Design and code an experimental camera that expresses a novel way of capturing a body, a place, or an object.

Design process

I started with three sketches for what an experimental camera could look like. The first was inspired by a camera built by Lauren Mcarthy where groups of pixels are turned into black ellipses, creating an effect where a face is outlined by those ellipses and depth and detail are shown without color. I wanted to imagine what that might look like with a different shape other than ellipse; for example, what might it look like to have something familiar to us, our face, be constructed by many small brand logos in real time? The sketch would draw the shape every step, and the result would be, for example, many many nike logos moving with the face and its contours. I also thought it would be interesting to think about the computer's gaze. Inspired by Maya Man's project Glance Back and our work unpacking the ways in which computers reflect heteropatriarchal bias, I thought of the computer as something with a male gaze. If the computer had a male gaze, it might tell you smile. If AI scales human bias, does AI hate women?
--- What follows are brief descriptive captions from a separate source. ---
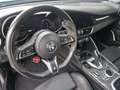 Alfa Romeo Giulia Quadrifoglio 2.9 V6*AKRAPOVIC*1HAND*NETTO Schwarz - thumbnail 24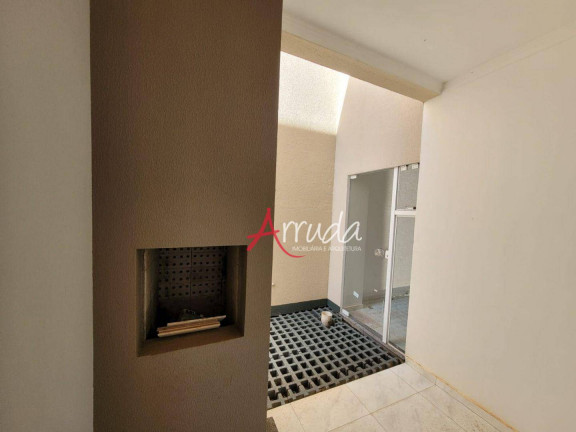 Imagem Apartamento com 3 Quartos à Venda, 69 m² em Verona - Cascavel Imagem Apartamento com 3 Quartos à Venda, 69 m² em Verona - Cascavel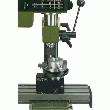 APPAREIL DIVISEUR PROXXON TA 230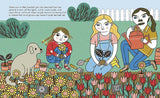 Greta Thunberg (40) (Little People, BIG DREAMS)
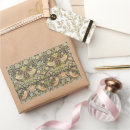 Recherche de voleurs autocollants Oiseaux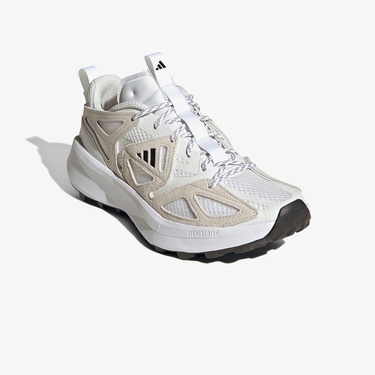  adidas Kantai Trail Kadın Beyaz Spor Ayakkabı
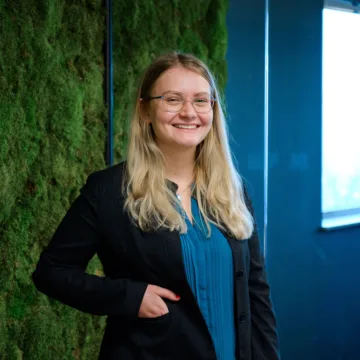 Angelina-Fijn-Audit-Lelystad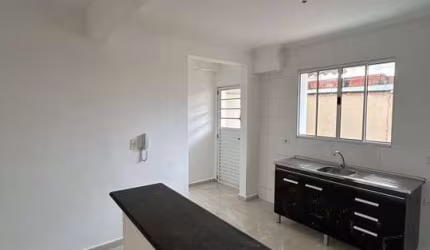 Apartamento Vila Nova Cintra Mogi das Cruzes para Alugar com 90m², 2 dormitórios, 1 suíte e 2 vagas!!!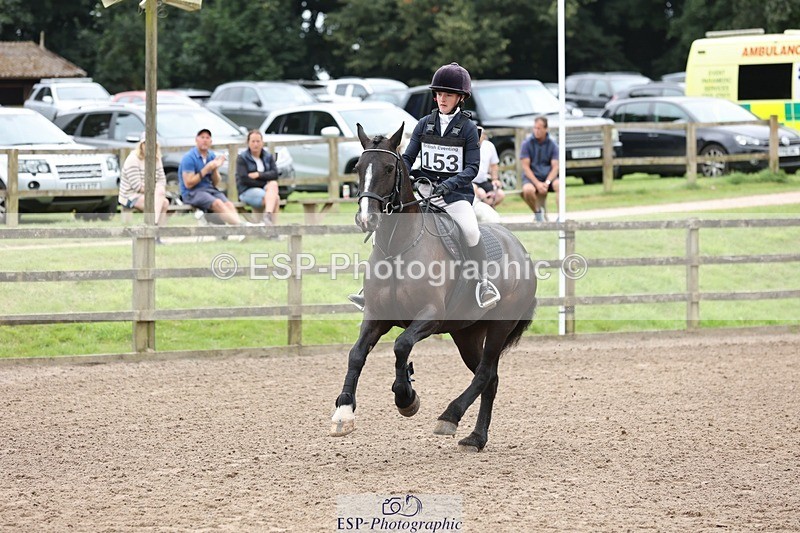 240803-123300-04998 - 153-Eleanor_Blewitt-CARRY_ON_PRINCESS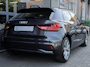 Audi A1 Sportback 30 TFSI Pro Line Navi | LED | 1e eigenaar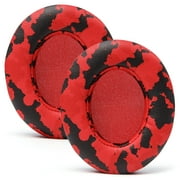 Wicked Cushions Beats Studio Earpads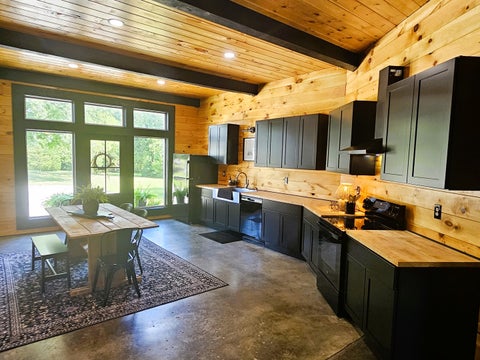 Tiny photo for 2673 County Farm Road, Salem, IL 62881 (MLS # 12751942)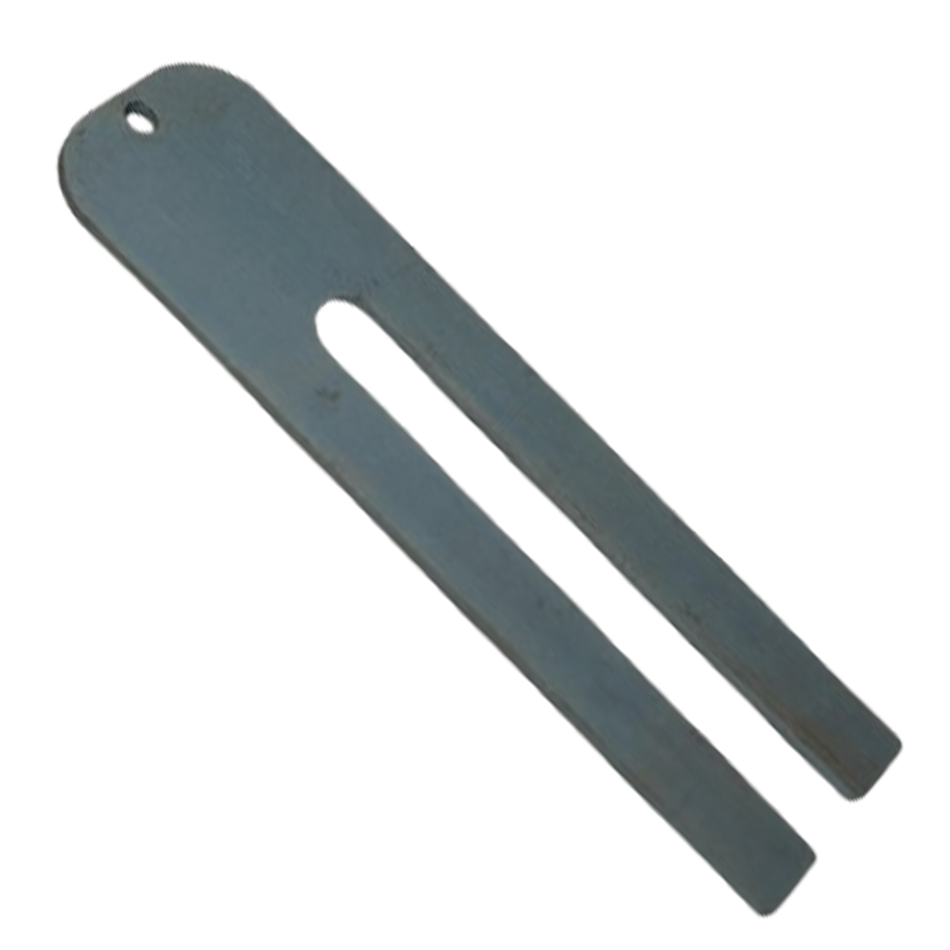 Skyjack Shim - 12 Gauge 138967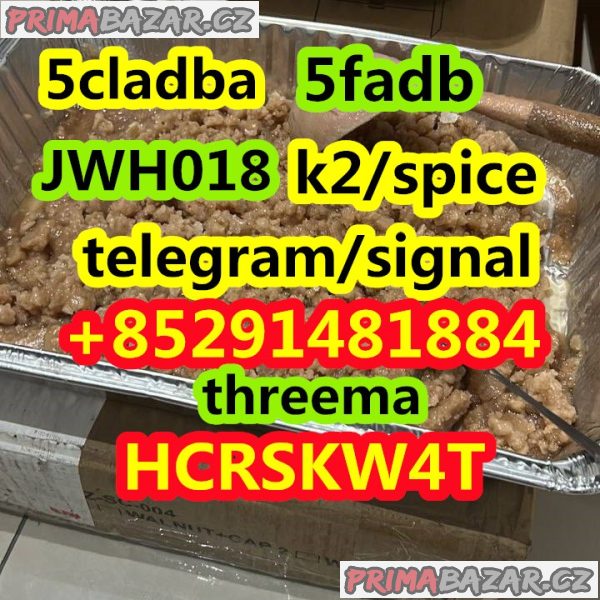 safe and fast delivery 5cl-adb,5cladba,JWH-018,JWH-210,4F-MDMB-BINACA safe and fast delivery 5cl-adb,5cladba,JWH-018,JWH-210,4F-MDMB-BINACA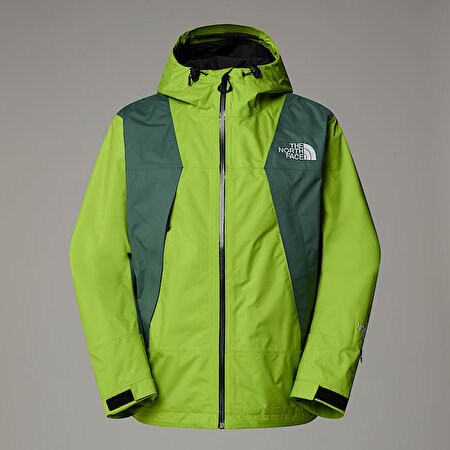 Unisex NSE Shell Mont
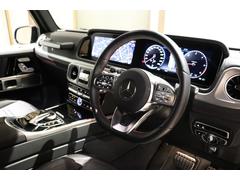 ǥ饹 ǣ䡡ͣǥ饤󡡥ץƥ֥ԥ󥰥ƥࡡ饰奢꡼ѥåۥ 9200607A30251206W001 6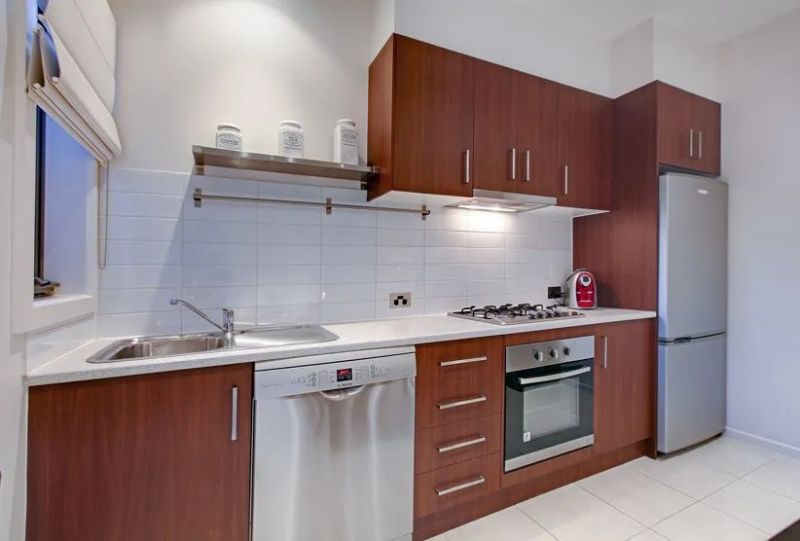 10/27-29 Miranda Road, Reservoir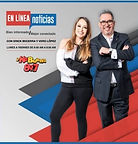 Screenshot_12-3-2024_61226_heraldodepuebla.com.jpeg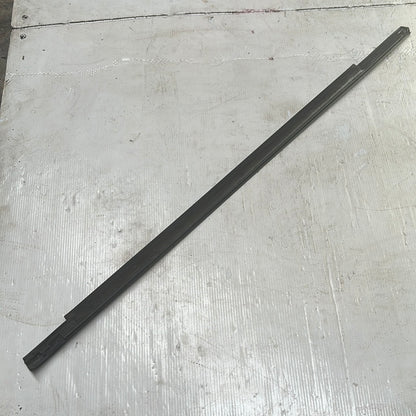 Cepillo Lamevidrio Externo Chevrolet Optra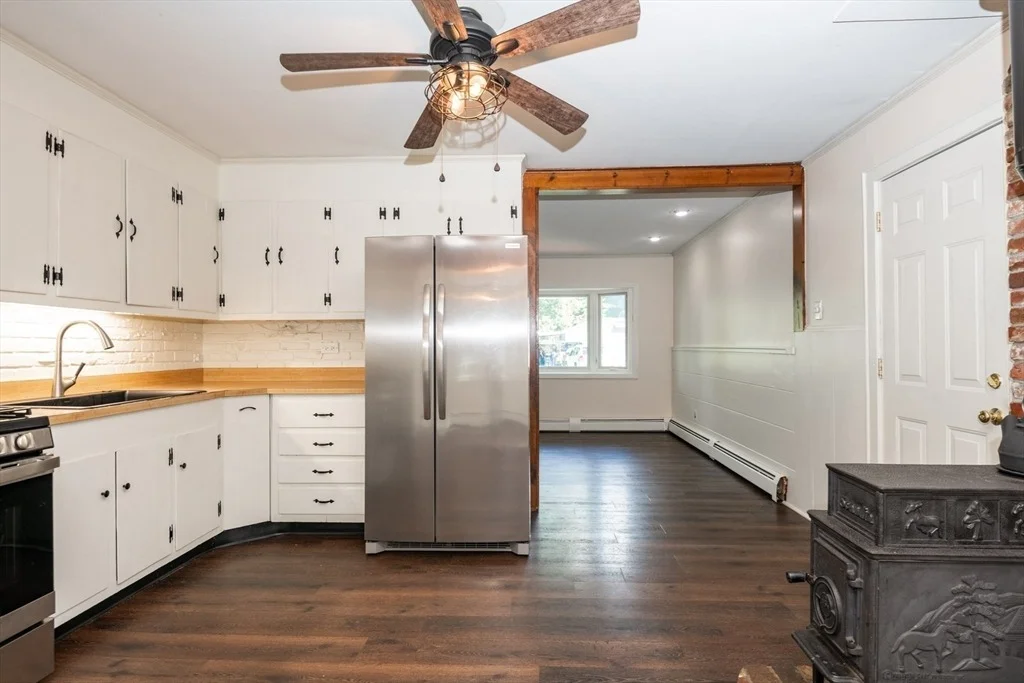 Photo of 42 Avery Street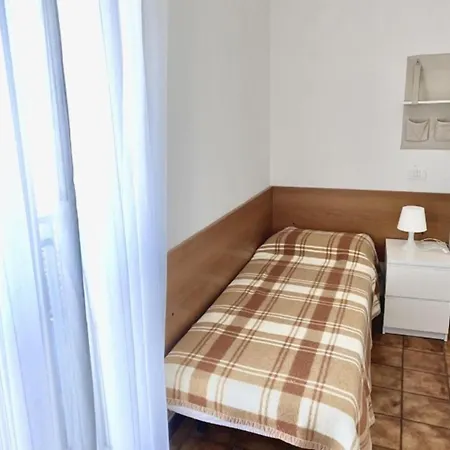 Stunning Sea View Flat With Terrace *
I thought that it would be interesting to use clmtrkr.js facial recognition software to create a camera that would only opperate in greyscale, insisting that the user smile before it functions properly. For my final sketch, I tried to magine a camera that could assist with dissociation or demonstrate the experience of dissociation. Often the result of trauma, dissociation is a break in how the mind handles information, causing a disconnect from feelings, surroundings, thoughts or identity. I decided to focus on depersonalization, a type of dissociation that causes a person to feel disconnected from their body. For now, my camera represents a user in a depersonalized state, with ghost like trails moving behind their pixelated image. In the future, I want to think about adding EMDR effects to this camera and changing the camera output based on the EMDR work the user has done.